Landslide in Papua New Guinea: Race to rescue trapped villagers

Landslide in Papua New Guinea: Race to rescue trapped villagers
Video explanation, Papua New Guinea: Many fear they have been killed in a landslide

  • author, Malo Corcino
  • Role, BBC News

Emergency services are racing to reach villages hit by a massive landslide in Papua New Guinea’s isolated Inga province, where hundreds of people are feared dead.

Humanitarian agency CARE Australia said a rapid response team made up of medics and military personnel was able to reach the isolated landslide site.

She added that the difficult terrain and damage to main roads make rescue efforts difficult, as the highway has been closed and the area can only be accessed by helicopter.

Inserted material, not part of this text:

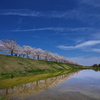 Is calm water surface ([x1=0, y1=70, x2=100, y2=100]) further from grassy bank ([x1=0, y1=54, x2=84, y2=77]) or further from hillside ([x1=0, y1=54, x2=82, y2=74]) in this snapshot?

The landslide buried hundreds of homes in the Inga Highlands, north of the island nation in the southwestern Pacific Ocean, at around 03:00 local time on Friday (17:00 GMT on Thursday).

It is still unclear how many people are trapped under the rubble.

“Although the area is not densely populated, our concern is that the death toll may be disproportionately high,” CARE Australia said in a previous statement.

Amos Akim, a member of parliament for Inga County, told The Guardian that based on reports from the ground, “the landslide buried more than 300 people and 1,182 homes.”

The Guardian newspaper quoted Akeem as saying that rescue efforts were hampered by the blockage of the road linking the affected village of Yambali to the capital.

Yambali is located about 50 kilometers (31 mi) from Wabag, the provincial capital.

Speaking to the Associated Press news agency, UN official Sirhan Oktoberak said the area affected by the landslide covers the area of ​​three to four football fields.

He added that Yambali village is home to 3,895 people.

Oktoberak said some homes in the village survived the landslide, but “given the scale of the disaster” the death toll could be higher than 100 people.

Image source, Getty Images

Image source, Getty Images

The process of reaching those affected was complicated due to fears of the possibility of more landslides.

“The ground continues to slide and move, and this makes it dangerous for people to work,” Oktoberak told Agence France-Presse.

Residents of the surrounding areas described how trees and debris from the collapse of the mountainside buried parts of the community, leaving it isolated.

Footage from the scene shows local residents recovering bodies from under rubble and trees as they crossed terrain covered in giant boulders and uprooted trees.

“There is no house left”

A resident of a nearby village said that when he arrived at the site of the landslide, “there were no houses [left]”.

Speaking to Australia’s ABC, Dominic Lau said the ground was “flat with soil”.

Lau added: “There was nothing, just rocks and soil. There were no people and there were no houses to be seen.”

Inga Governor Peter Ipatas told AFP that up to “six villages” were affected by the landslide, which he described as an “unprecedented natural disaster.”

Inga is located more than 600 kilometers by road from the country’s capital, Port Moresby.

The Papua New Guinea Red Cross Society said earlier that an emergency response team made up of officials from the regional governor’s office, police, defense forces and local NGOs had been deployed to the site.

Papua New Guinea Prime Minister James Marape said on Friday that authorities were responding to the disaster.

He added that the government is working with local officials to provide “relief work, recover bodies and rebuild infrastructure.”